#### TASK GOAL
Output the entries that follow character for character. Leave every image out.

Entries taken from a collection
########################################

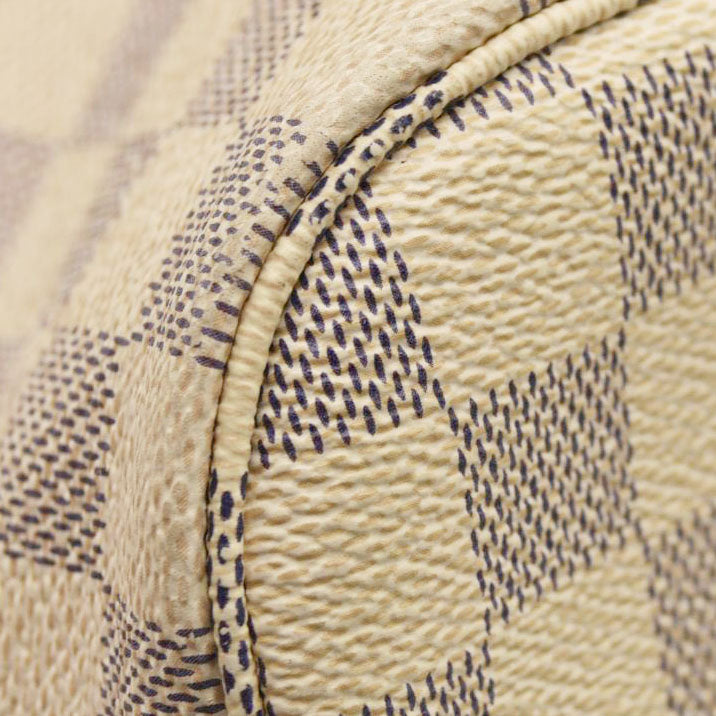 LOUIS VUITTON Damier Azur Neverfull MM AR4105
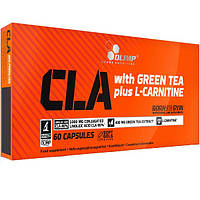 CLA with Green Tea plus L-carnitine Sport Edition Olimp (60 капсул)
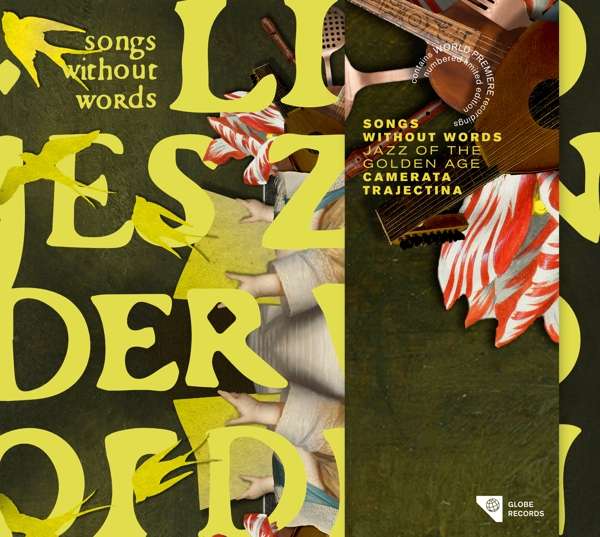 E-shop CAMERATA TRAJECTINA - SONGS WITHOUT WORDS - JAZZ OF THE GOLDEN AGE CD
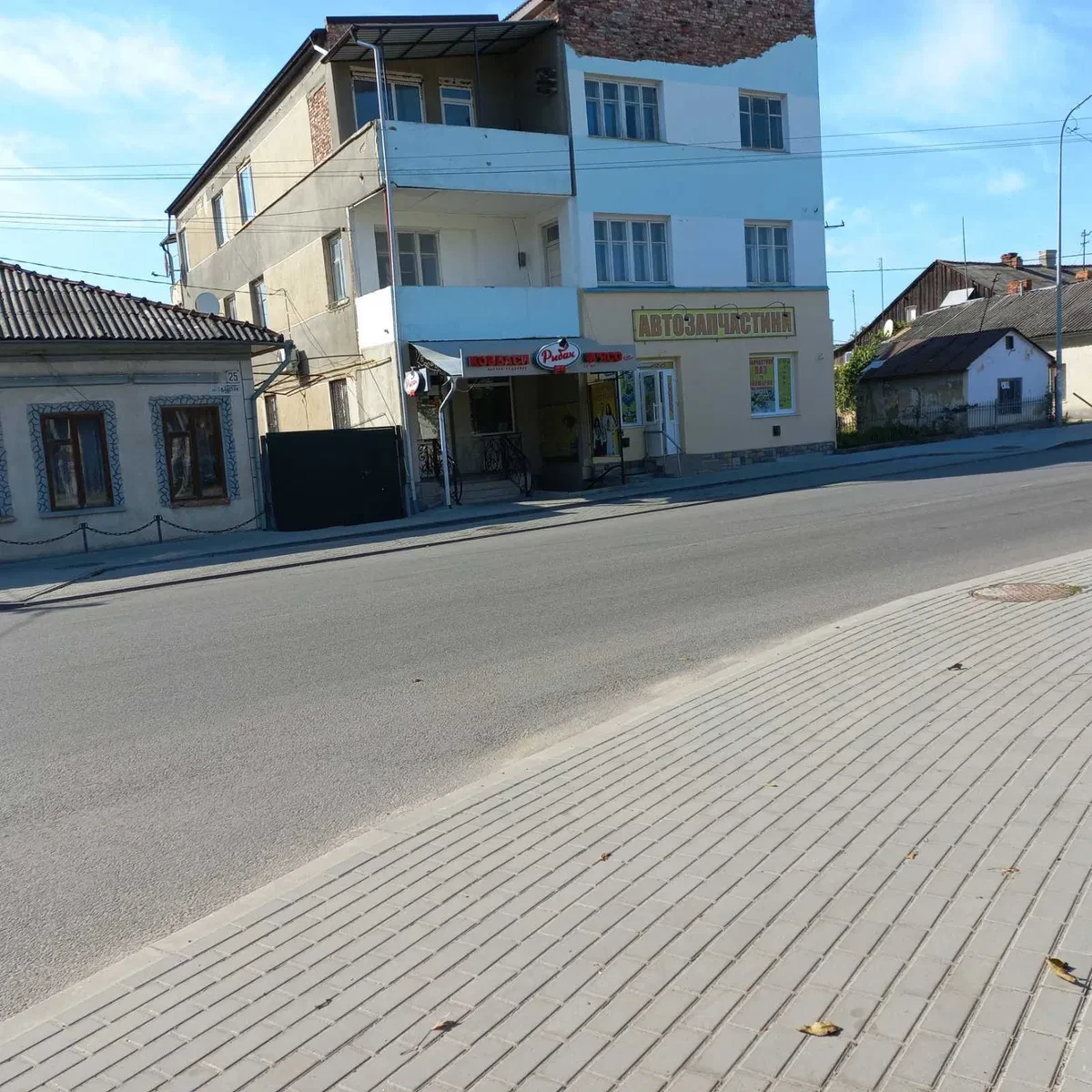 4-кімнатна квартира, Заліщики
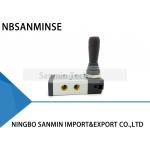 NBSANMINSE 4H210 4H310 4H430 Pull Valve 1/8 1/4 3/8 1/2 Two Position Three Position Five Way Three Position Air Control for sale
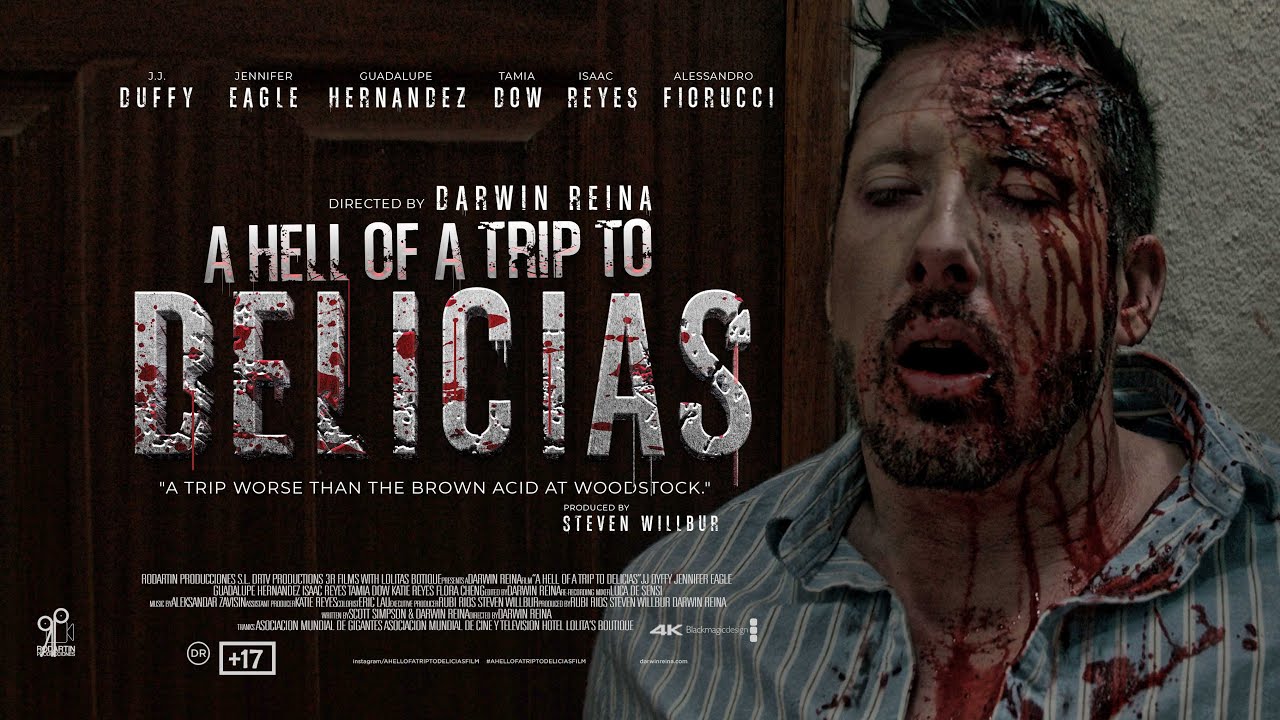 A Hell of a Trip to Delicias | Official Trailer 2K | Darwin Reina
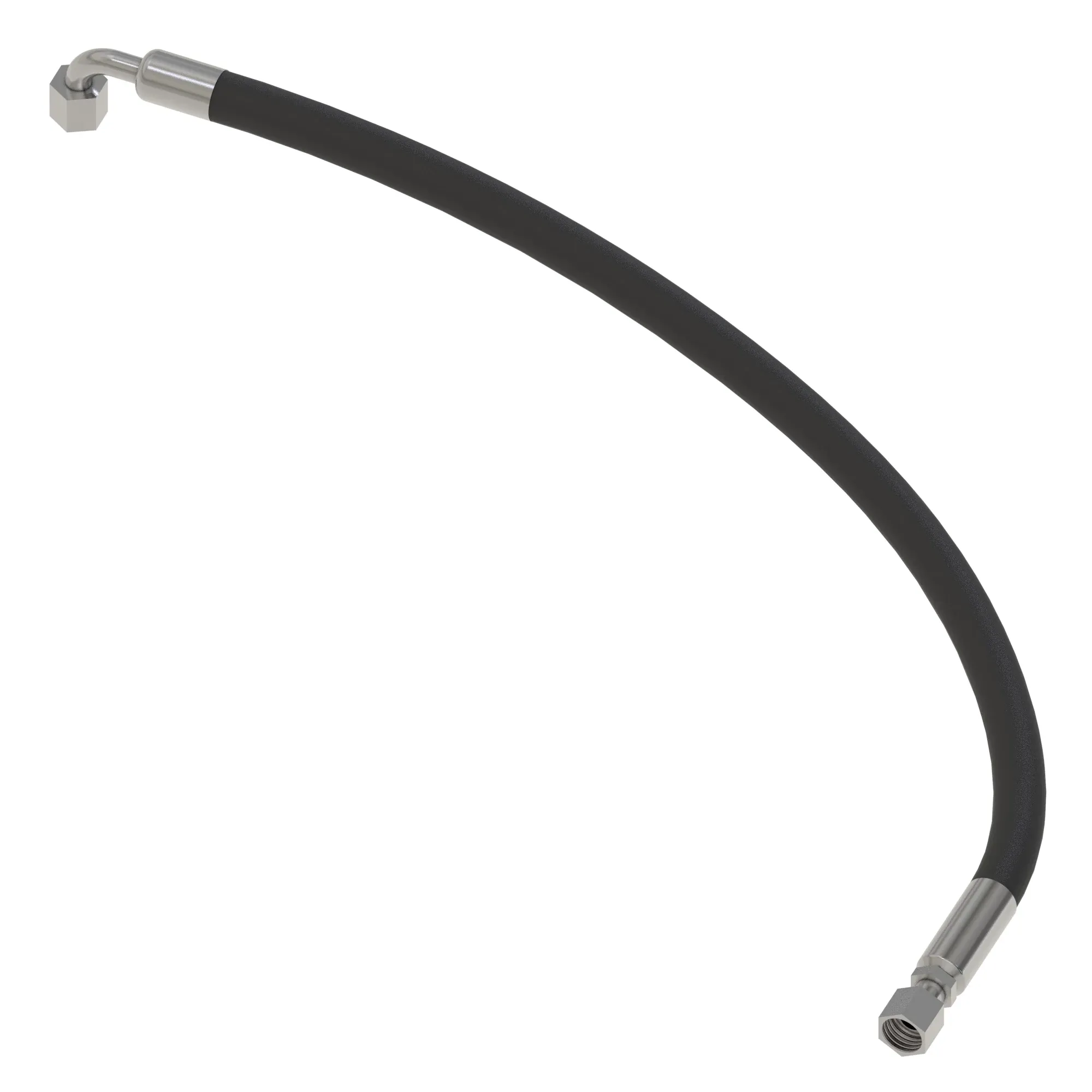John Deere Hydraulic Hose, Length 965.2 mm - AT165909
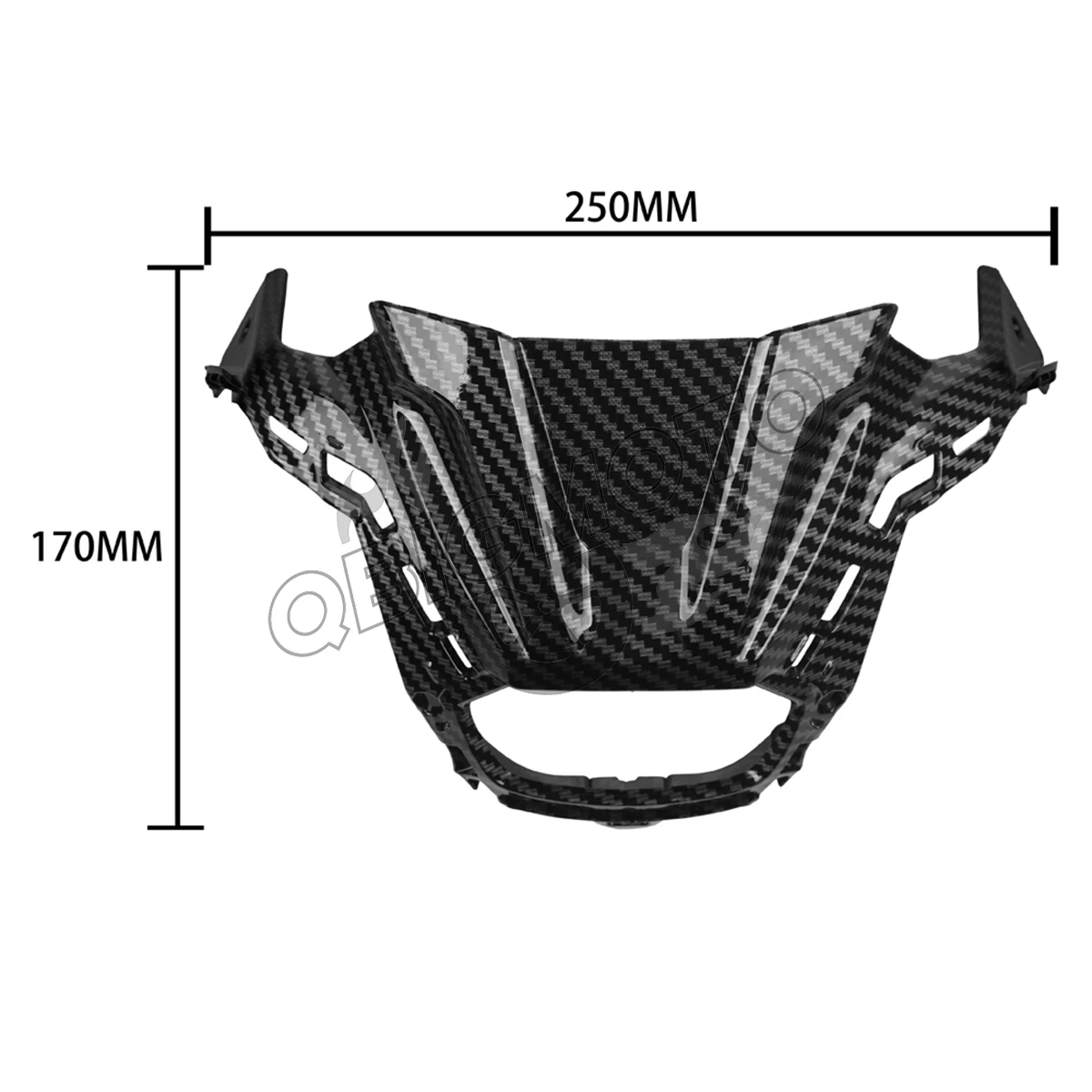 MT07 FZ07 2025 Motorcycle Headlamp Cowl Front Headlight Inner Cover Fairing For YAMAHA MT-07 FZ-07 Headlight Cover Upper Panel 5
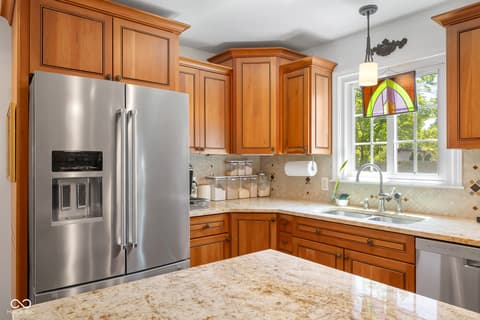 Kitchen at 1501 Parkside Drive, Columbus, IN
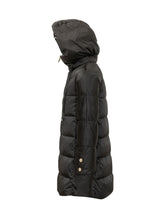 HERNO - Piumino Medio con Cappuccio - Nero - LIDIASHOPPING® - Official Website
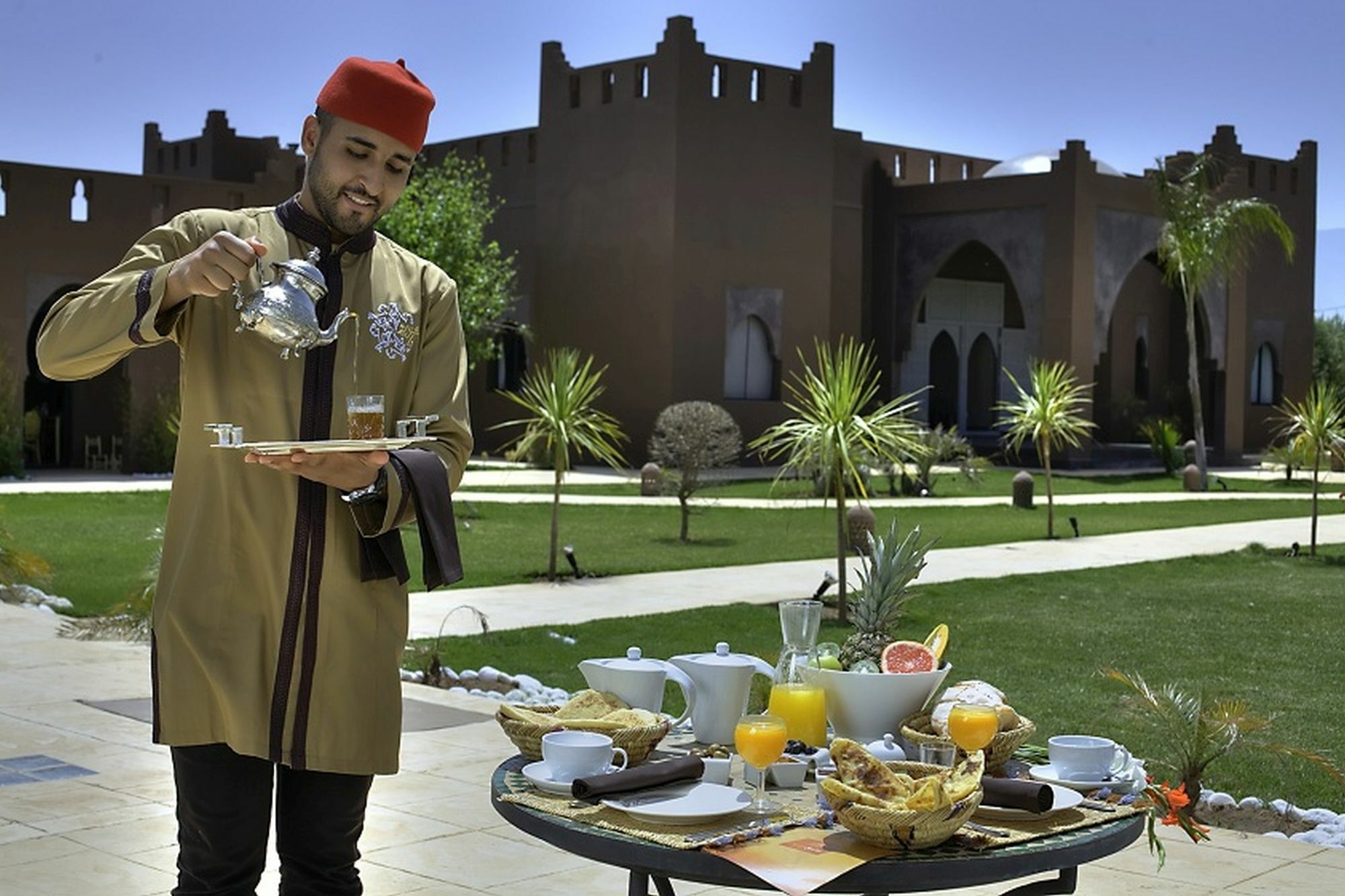لالا تاكركوست La Kasbah Igoudar Suites & Spa المظهر الخارجي الصورة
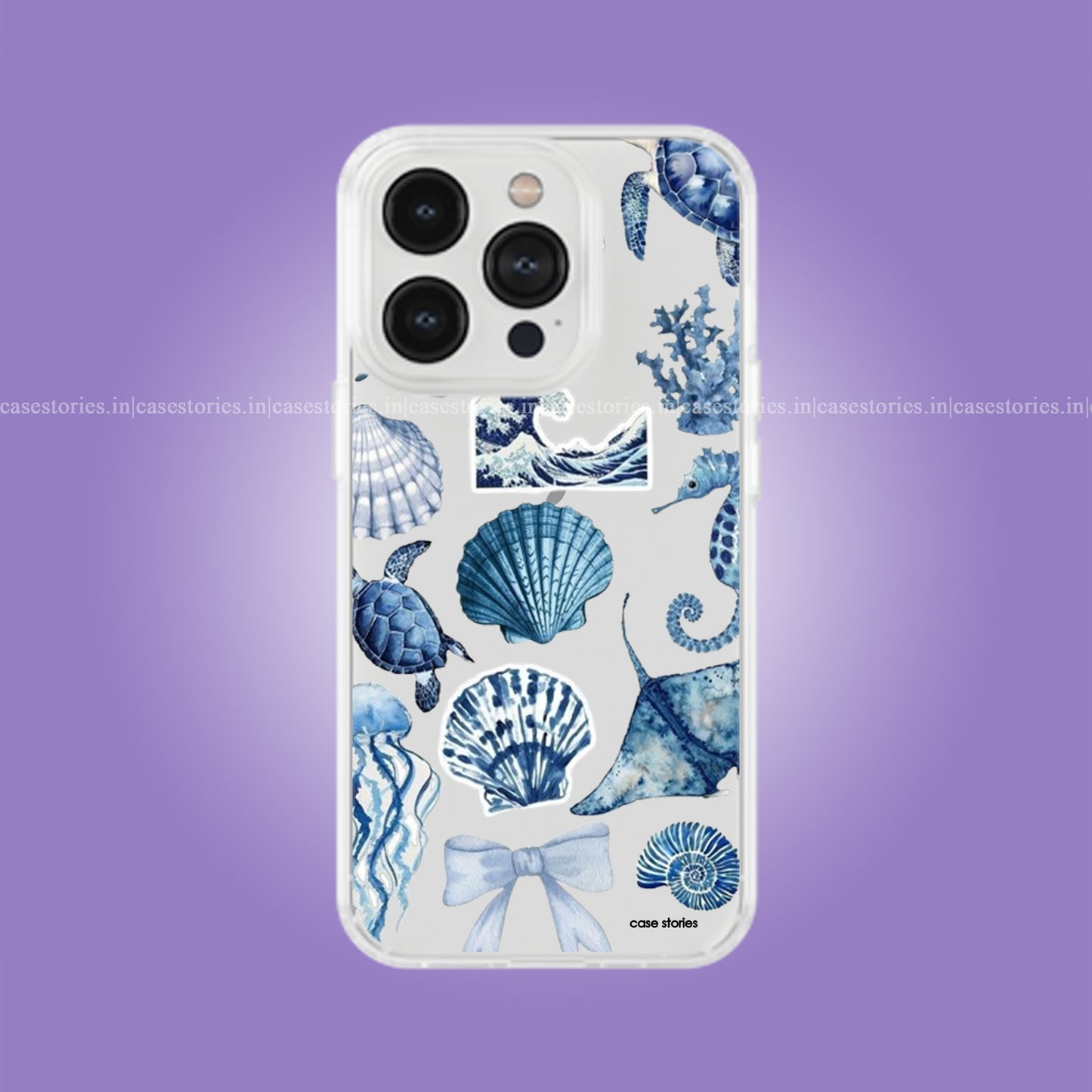 Ocean Muse Clear Soft Case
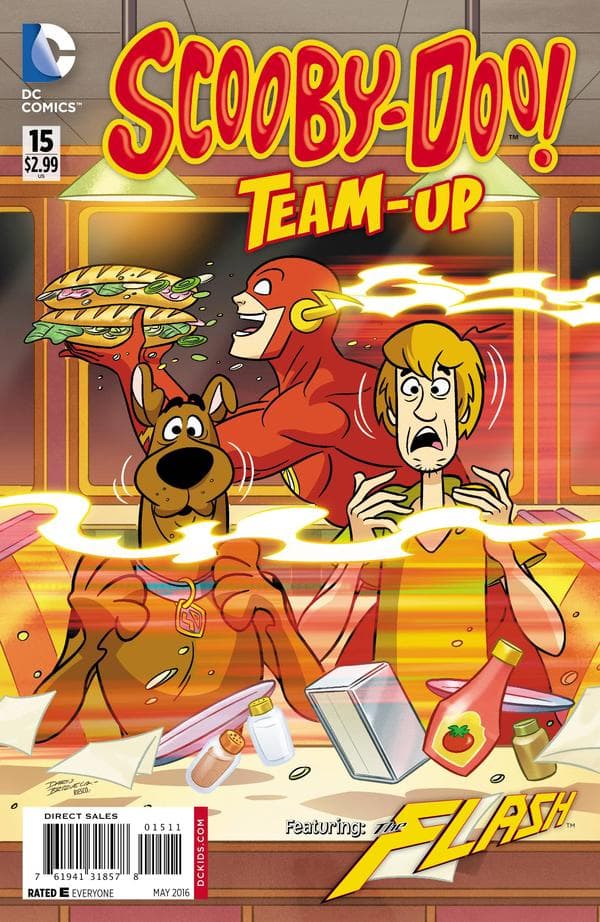 Scooby-Doo Team-Up #15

########################################

#### ANSWER TO THIS EXERCISE
 LOUIS VUITTON Damier Azur Neverfull MM AR4105
 CLA with Green Tea plus L-carnitine Sport Edition Olimp (60 капсул)
 E-shop CAMERATA TRAJECTINA - SONGS WITHOUT WORDS - JAZZ OF THE GOLDEN AGE CD
 4-кімнатна квартира, Заліщики
 NBSANMINSE 4H210 4H310 4H430 Pull Valve 1/8 1/4 3/8 1/2 Two Position Three Position Five Way Three Position Air Control for sale
 A Hell of a Trip to Delicias | Official Trailer 2K | Darwin Reina
John Deere Hydraulic Hose, Length 965.2 mm - AT165909
 MT07 FZ07 2025 Motorcycle Headlamp Cowl Front Headlight Inner Cover Fairing For YAMAHA MT-07 FZ-07 Headlight Cover Upper Panel 5
 Kitchen at 1501 Parkside Drive, Columbus, IN
 HERNO - Piumino Medio con Cappuccio - Nero - LIDIASHOPPING® - Official Website
لالا تاكركوست La Kasbah Igoudar Suites & Spa المظهر الخارجي الصورة
 Ocean Muse Clear Soft Case
 Scooby-Doo Team-Up #15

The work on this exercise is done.